Part-2 'First Delta Table' : Delta Lake

The Evolution of file formats

Delta lake

  • when people started storing files at that time they just had CSV files and they took some straight data to data lake. The problem with CSV was csv doesn’t know the structure of the file means how many columns in it and second compression in csv doesn’t really help.
  • Then Parquet format come into existence and solve couple of CSV problems. The parquet file format is columnar storage it store the data in columns wise and that means we can compress it really well. It has a structure so don’t need to mentioned separately just read the data. Parquet also has some drawbacks like ACID transactions, versioning, handling metadata and etc.
  • Then Delta Lake come into the picture to solve all of the problems. The Delta lake is a file format the same as csv and parquet except it’s kind of a wrapper means the data lives in parquet format inside it and it gives us a transaction log and many more features around the top.

What is Delta Lake?

In the past there are different storage solutions build to solve the common problem of data quality. Many architecture/tools are build to solve the problem. These tools provides many benefits like decoupling the business logic from storage and compute. It means user can scale the compute and storage power up and down but in between this data reliability lost. To provide the data reliability and quality Delta Lake come into the picture.

Delta Lake is a file-based, open-source storage format that provides ACID transactions, scalable metadata handling, and unifies streaming and batch data processing. It runs on top of your existing data lakes and is compatible with Apache Spark and other processing engines. Delta Lake combine the both worlds OLAP(Online Analytical Processing) and OLTP(Online Transactional Processing) with the horizontal scalability of data lakes.

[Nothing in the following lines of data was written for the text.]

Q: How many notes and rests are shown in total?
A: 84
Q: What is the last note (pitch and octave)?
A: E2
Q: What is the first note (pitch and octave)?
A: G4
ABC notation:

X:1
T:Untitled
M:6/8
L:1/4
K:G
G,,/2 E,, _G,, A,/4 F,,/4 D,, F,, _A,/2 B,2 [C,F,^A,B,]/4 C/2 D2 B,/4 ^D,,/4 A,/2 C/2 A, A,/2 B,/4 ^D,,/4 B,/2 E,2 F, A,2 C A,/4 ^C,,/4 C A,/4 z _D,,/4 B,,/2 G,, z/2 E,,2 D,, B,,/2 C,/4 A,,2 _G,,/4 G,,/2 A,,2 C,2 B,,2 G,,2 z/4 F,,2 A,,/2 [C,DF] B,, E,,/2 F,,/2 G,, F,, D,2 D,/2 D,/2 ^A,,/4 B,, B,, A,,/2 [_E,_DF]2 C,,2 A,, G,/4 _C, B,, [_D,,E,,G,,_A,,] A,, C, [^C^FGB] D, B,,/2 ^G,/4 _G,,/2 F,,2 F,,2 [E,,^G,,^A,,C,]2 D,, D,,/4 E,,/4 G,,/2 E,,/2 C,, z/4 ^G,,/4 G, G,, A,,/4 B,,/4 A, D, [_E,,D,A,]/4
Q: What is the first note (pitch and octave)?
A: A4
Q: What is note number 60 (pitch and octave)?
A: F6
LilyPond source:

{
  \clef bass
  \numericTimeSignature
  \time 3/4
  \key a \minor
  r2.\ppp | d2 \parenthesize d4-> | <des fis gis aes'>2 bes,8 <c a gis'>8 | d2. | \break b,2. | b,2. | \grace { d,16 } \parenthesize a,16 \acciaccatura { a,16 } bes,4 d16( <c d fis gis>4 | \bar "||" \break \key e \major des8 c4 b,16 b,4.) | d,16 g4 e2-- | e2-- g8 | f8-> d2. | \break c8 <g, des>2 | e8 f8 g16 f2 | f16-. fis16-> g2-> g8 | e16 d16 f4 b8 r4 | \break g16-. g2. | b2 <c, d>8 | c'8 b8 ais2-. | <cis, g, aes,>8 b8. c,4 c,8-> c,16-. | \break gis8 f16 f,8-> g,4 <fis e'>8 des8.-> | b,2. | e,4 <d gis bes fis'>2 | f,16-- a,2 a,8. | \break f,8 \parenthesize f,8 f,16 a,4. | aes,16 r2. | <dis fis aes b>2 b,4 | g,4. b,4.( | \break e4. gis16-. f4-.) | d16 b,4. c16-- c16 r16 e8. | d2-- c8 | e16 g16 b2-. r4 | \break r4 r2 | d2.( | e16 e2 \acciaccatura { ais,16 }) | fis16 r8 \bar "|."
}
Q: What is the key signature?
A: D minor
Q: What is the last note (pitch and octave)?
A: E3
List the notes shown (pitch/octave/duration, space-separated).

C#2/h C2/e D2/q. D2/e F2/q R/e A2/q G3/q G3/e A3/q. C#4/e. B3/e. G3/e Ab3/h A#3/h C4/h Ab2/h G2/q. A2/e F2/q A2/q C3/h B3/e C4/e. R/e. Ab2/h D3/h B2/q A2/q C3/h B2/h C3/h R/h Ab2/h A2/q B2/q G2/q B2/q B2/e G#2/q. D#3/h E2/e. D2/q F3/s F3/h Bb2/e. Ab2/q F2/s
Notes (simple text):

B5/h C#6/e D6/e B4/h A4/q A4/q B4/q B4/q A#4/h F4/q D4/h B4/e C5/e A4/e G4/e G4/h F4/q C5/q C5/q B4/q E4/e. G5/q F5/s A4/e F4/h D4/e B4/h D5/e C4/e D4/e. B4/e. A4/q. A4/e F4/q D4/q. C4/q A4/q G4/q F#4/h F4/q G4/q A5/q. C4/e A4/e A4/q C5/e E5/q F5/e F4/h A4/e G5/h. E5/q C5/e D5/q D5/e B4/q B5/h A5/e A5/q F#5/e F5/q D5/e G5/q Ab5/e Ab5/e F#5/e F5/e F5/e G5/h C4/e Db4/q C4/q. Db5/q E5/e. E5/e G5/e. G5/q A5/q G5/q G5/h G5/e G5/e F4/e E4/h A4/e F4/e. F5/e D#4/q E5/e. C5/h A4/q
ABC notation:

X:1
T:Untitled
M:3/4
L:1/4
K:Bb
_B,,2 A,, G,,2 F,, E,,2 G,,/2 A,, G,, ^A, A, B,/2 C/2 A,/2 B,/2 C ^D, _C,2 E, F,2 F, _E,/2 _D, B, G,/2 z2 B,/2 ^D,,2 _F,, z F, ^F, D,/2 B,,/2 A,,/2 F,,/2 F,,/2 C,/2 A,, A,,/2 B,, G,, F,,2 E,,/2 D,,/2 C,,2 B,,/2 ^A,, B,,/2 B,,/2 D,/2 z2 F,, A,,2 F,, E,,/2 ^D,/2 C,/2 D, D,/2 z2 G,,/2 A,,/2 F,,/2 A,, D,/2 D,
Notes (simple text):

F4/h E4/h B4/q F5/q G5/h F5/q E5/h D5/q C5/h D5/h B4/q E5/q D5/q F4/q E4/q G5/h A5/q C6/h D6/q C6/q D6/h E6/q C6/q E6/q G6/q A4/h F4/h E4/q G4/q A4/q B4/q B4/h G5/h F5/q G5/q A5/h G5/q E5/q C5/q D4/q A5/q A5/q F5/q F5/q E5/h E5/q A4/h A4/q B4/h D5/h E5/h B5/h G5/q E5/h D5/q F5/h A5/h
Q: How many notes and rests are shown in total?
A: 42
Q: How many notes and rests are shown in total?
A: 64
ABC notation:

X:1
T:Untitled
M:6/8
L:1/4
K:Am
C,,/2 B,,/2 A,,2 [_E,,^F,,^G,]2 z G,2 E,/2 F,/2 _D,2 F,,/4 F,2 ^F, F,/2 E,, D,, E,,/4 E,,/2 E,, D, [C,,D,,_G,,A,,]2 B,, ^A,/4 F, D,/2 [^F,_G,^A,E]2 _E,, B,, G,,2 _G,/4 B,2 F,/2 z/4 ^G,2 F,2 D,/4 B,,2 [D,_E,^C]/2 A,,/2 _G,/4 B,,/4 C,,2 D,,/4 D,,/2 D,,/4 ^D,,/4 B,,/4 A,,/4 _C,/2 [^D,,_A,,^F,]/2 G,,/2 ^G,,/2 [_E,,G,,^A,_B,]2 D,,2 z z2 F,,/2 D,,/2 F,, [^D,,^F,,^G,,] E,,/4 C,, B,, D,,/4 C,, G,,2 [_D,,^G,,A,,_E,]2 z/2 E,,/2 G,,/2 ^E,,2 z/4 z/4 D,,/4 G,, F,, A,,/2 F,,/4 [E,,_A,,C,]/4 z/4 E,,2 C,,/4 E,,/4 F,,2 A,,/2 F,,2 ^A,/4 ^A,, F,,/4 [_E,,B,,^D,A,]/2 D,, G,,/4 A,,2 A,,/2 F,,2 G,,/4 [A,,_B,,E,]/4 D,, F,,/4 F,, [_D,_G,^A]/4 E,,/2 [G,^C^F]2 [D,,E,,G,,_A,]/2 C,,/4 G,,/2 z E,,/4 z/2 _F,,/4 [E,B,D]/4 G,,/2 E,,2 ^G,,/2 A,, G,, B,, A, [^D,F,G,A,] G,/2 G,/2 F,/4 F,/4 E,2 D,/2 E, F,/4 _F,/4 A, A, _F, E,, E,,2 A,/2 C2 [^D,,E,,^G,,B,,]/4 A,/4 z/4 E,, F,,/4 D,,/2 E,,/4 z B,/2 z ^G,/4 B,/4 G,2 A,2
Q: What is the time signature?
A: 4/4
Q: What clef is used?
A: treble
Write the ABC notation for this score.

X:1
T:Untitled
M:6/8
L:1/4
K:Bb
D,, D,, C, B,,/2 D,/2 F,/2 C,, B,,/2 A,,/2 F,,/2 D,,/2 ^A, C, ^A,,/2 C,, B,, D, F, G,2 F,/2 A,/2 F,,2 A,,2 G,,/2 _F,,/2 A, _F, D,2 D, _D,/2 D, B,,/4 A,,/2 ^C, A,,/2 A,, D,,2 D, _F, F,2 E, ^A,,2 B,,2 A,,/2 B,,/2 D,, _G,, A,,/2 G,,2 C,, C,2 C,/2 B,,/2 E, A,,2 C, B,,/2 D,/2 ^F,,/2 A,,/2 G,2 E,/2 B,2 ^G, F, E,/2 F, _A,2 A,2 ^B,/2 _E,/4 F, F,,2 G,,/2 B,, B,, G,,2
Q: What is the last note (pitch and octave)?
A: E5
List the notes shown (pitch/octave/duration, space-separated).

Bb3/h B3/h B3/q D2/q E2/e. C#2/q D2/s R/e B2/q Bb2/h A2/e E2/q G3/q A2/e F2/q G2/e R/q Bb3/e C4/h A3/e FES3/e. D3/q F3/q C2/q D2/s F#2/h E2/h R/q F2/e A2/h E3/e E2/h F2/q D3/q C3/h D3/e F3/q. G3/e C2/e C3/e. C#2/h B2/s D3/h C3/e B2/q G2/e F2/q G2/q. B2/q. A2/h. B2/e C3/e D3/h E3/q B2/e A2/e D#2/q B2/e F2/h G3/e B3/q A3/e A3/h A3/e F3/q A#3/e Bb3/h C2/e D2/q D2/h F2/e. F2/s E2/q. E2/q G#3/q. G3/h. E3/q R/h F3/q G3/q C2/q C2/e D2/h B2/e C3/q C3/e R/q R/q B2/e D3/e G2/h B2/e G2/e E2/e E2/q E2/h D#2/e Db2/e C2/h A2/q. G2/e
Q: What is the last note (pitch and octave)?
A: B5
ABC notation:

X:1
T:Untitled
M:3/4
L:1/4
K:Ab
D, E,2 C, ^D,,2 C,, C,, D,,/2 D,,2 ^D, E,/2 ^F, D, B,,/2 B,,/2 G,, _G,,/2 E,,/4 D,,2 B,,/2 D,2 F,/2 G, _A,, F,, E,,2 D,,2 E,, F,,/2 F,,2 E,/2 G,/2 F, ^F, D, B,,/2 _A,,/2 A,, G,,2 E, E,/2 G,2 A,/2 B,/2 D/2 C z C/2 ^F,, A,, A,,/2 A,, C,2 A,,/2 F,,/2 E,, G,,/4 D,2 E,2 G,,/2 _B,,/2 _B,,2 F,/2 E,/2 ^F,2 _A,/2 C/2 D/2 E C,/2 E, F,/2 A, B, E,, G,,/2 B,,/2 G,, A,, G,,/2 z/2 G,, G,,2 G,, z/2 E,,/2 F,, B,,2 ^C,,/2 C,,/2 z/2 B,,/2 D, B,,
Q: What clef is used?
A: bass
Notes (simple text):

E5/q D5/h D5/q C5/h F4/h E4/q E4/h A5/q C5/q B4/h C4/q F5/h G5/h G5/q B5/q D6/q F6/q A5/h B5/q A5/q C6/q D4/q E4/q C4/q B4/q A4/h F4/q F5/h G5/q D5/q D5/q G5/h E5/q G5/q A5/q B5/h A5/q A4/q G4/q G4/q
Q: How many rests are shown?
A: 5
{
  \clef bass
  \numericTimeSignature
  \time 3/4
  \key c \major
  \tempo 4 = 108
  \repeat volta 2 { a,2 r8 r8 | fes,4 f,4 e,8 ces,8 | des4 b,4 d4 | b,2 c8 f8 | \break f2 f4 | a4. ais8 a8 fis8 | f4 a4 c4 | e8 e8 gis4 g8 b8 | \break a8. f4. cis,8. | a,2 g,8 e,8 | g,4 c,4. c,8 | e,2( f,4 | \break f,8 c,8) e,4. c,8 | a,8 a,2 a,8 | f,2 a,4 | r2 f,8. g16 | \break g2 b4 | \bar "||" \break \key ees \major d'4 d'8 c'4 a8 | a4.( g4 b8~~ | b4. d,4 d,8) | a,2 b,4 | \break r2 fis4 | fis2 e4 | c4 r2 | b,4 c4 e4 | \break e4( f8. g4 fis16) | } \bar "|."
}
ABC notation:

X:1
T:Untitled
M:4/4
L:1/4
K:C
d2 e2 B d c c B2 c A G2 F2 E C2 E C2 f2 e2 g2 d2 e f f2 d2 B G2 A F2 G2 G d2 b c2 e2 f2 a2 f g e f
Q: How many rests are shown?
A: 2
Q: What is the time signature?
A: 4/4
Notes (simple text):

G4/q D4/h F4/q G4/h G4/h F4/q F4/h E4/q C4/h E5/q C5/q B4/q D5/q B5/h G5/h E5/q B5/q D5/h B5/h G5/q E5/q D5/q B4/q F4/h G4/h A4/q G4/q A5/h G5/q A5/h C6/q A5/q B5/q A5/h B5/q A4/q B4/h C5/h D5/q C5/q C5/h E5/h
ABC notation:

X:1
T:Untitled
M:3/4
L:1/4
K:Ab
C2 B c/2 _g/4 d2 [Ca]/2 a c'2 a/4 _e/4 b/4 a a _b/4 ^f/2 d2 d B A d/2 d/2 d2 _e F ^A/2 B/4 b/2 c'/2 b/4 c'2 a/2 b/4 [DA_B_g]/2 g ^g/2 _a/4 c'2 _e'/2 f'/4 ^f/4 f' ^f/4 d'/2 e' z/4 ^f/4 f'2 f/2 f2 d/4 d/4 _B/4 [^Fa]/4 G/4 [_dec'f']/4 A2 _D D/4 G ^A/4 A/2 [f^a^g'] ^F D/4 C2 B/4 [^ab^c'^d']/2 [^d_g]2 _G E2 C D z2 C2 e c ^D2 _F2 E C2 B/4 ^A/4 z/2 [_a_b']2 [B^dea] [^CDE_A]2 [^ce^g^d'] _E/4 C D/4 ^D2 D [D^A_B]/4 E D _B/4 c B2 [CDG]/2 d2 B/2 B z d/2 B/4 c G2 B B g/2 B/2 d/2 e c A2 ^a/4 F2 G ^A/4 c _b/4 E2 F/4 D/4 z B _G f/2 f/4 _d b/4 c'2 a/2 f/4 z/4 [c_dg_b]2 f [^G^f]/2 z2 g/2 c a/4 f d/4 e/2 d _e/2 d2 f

  • ACID transactions : It is really important that the data integrity is maintained in data lake means no more partial or corrupted data. Delta Lake ensures that all data changes written to storage are committed for durability and made visible to readers atomically.
  • Unified Batch and Stream Processing : In a Data lake, if we have an use case of both Stream processing and Batch processing it is normal to follow Lamdba architecture. But Delta Lake table has the ability to work both in batch and as a streaming source and sink all just work out of the box.
  • Scalable data and metadata handling : Delta Lake is built on data lakes, all reads and writes using Spark or other distributed processing engines are inherently scalable to petabyte-scale. Delta Lake leverages Spark to scale out all the metadata processing to handle metadata or large tables.
  • Time Travel : The Delta Lake transaction log records details about every change made to data providing a full audit trail of the changes. Data in the data lake will be versioned and snapshots are provided so that you can query them as if that snapshot was the current state of the system. This helps us to revert to older versions of our data lake for Audits, rollbacks and etc.
  • Schema Enforcement : Delta Lake automatically prevents the insertion of data with an incorrect schema, i.e. not matching the table schema. It prevents data corruption by preventing the bad data get into the system.
  • Support for updates, merge and deletes : Delta Lake supports merge, delete , and update operations to do complex operations. Most of the distributed processing frameworks do not support atomic data modification operations on data lakes.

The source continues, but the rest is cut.